US Secretary of State Hillary Rodham Clinton went to work, using her phones, running between buildings and rooms and forcing motorcades to do U-turns. Along with Swiss diplomats, she was eager to solve eleventh-hour disputes over language in speeches for the ceremony.
Meanwhile, the other guests - including Sergei Lavrov and Bernard Kouchner, the Russian and French foreign ministers - were sitting together, watching the World Cup qualification football match between Germany and Russia, and missing their flights.
For the Swiss, who mediated the talks and now wanted to host a historic signing of diplomatic ties between countries with generations of animosity towards each other, it became a turbulent ride.
But the Alpine diplomatic efforts paid off, being backed by the muscle and commitment of the US. Clinton even drove the Armenian Foreign Minister Eduard Nalbandian to the University of Zurich, where the signing was to take place, pushing him to compromise.

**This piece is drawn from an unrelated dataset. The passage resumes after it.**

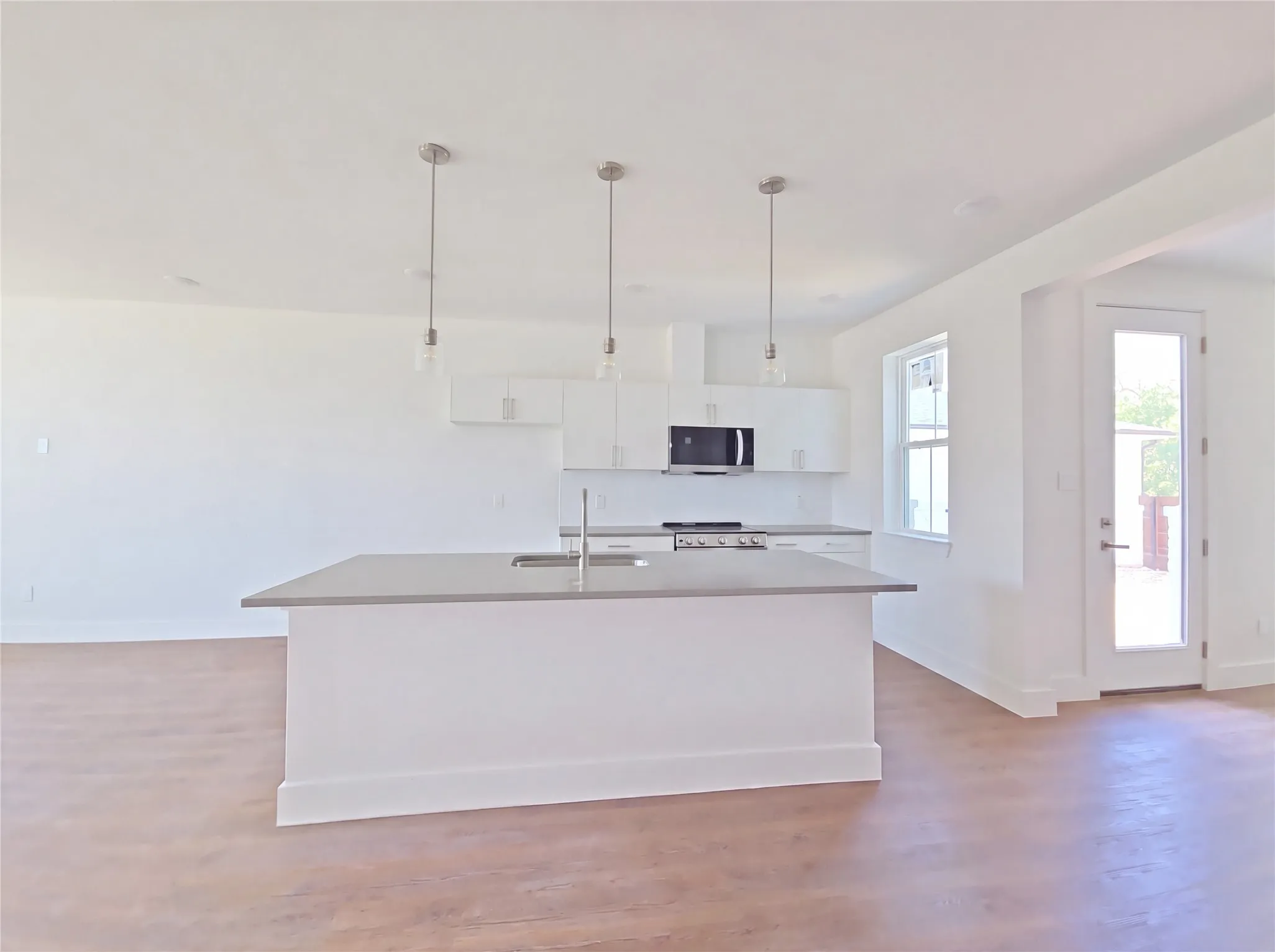 Open-concept kitchen with a central island, stainless steel appliances, and white cabinetry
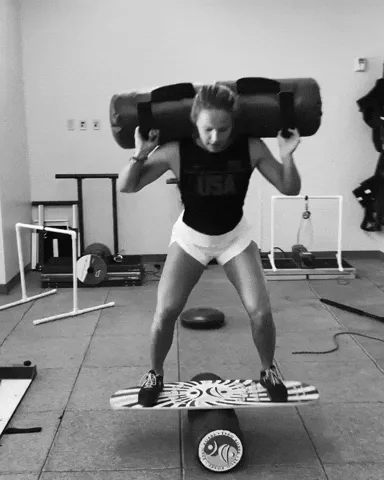 A woman in gym gear balances on a wobble board while carrying a heavy sandbag across her shoulders.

After more negotiations at the university, the sides agreed: Cancel the speeches, sign the papers and move on. And so it was.
Swiss Foreign Minister Micheline Calmy-Rey made the briefest of introductions, Turkish Foreign Minister Ahmet Davutoglu and Nalbandian of Armenia inked the appropriate places, hands were shaken, a few hugs, some smiles and everyone ran for their planes.
'There were several times when I said to all of the parties involved that this is too important, that this has to be seen through. You've come too far, all of the work that has gone into the protocols, you know, should not be walked away from,' Clinton recalled on her plane from Zurich to London.
The protocols call for the renewal of diplomatic ties, opening of the common border and establishment of a historical commission to investigate the events during World War I, but for a time diplomats worried they would not be signed.
The Armenians opposed Turkish language in the speech that would have connected the signing to another conflict. Ankara and Yerevan broke off relations in 1993 when Armenia took control of the Azerbaijan territory of Nagorno-Karabakh and Turkey closed its border with the Caucasus republic.
In the West the issues are seen as separate but connected.
'Progress on one will help elicit further progress on the other,' said one Western official. The deals are 'separate, but moving forward at the same time.'
The Turks too were unhappy, even if to a lesser extent, about language that referred to 'historical events.' The Armenians say Ottoman Turks were responsible for genocide during World War I, killing 1.5 million of their people. Ankara denies the charges and says there were mutual massacres.
Turkish officials claimed the compromise to skip the speeches as their own, with one diplomat saying: 'We want to get the process moving.'
Questions still hung heavy in the humid Zurich air after the signing. The two countries could not deliver speeches side by side and still required the world's top diplomats to work overtime for signatures on documents agreed to weeks in advance.
The road ahead is not smooth, even if a major hurdle has been passed. It was now up for the two parliaments to ratify the deals, leading to open borders within two months.
Yerevan still has to win over its fierce diaspora and local nationalists, who oppose the deal, while the Turkish leadership will need to convince an angry Azerbaijan that it has not abandoned the energy producer while also dealing with hardliners at home.
The Swiss and US diplomats' job seems not yet entirely over.